使用深度神经网络DNN完成手势识别之网络参数配置详解(Python+PaddlePaddle)

Lala ·

更新时间:2024-11-13

· 534 次阅读

最近参加了深度学习 7日打卡营第五期-CV特辑(好像全国人民都在参加一样,平台爆满…),今天的内容是第二课的作业,具体请查看:
https://aistudio.baidu.com/aistudio/course/introduce/1149

需要补充的代码是DNN深度神经网络这块:
在这里插入图片描述
这里我们其实很快就能写出来,在Linear()里补全两个必备参数即可,再选一个激活函数,relu和softmax都是可以的,然后在forward里调用就行,就比如下面这样:

然而报错了:
在这里插入图片描述
还没完,后面还有

这一大堆报错不知道你有没有遇到过,反正我是遇到了,看一下最后的Error Message Summary:

InvalidArgumentError: ShapeError: Input X’s width should be equal to the Y’s height, but received X’s shape: [32, 3, 100, 100],Y’s shape: [30000, 10000].

原来是输入的数据和网络不匹配而报的错,我们来看一下图片的shape:
在这里插入图片描述
说明这张图片的维度是四维的,而神经网络却是两维的,需要reshape一下:

x = fluid.layers.reshape(input, shape=[-1,3*100*100])

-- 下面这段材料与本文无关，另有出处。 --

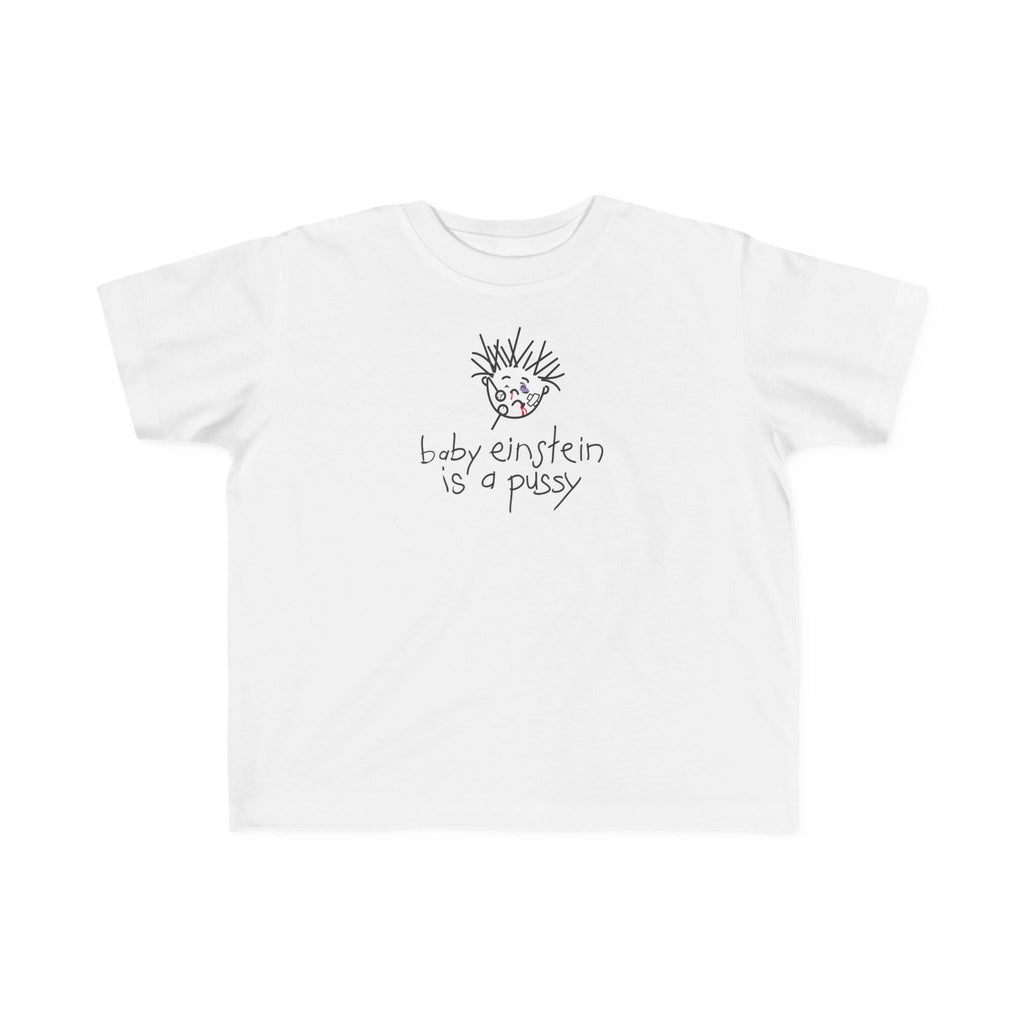 Baby Einstein Is A Pussy - Toddler T-Shirt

这样一来,维度就对应上了,也能开始训练了,但是这时的acc不是很高,loss也降不下去:
在这里插入图片描述
这时就要修改DNN网络的结构了,很多同学选择用其他网络提高训练准确度,但是我想试试DNN网络的最优效果是多少,于是我接着修改里面的参数,在修改前我们要明确的是:
上一层网络的输出要跟下一层网络的输入对应

就像这样:
在这里插入图片描述
于是我配置了如下所示的网络:

看起来好像并没有什么毛病,而且完全符合刚刚说的:上一层的输出等于下一层的输入

经过群里大佬的讲解,我才发现是我的线代没学好,学过矩阵乘法,我们知道:
矩阵乘法只有在第一个矩阵的列数和第二个矩阵的行数相同时才有意义

这就是这里要用reshape()函数的原因,先来了解一下这个函数的用法:

import numpy as np
arr = np.arange(0,10)
print(arr)
print('dtype: {}, shape: {}, size: {}, ndim: {}'.format(arr.dtype, arr.shape, arr.size, arr.ndim))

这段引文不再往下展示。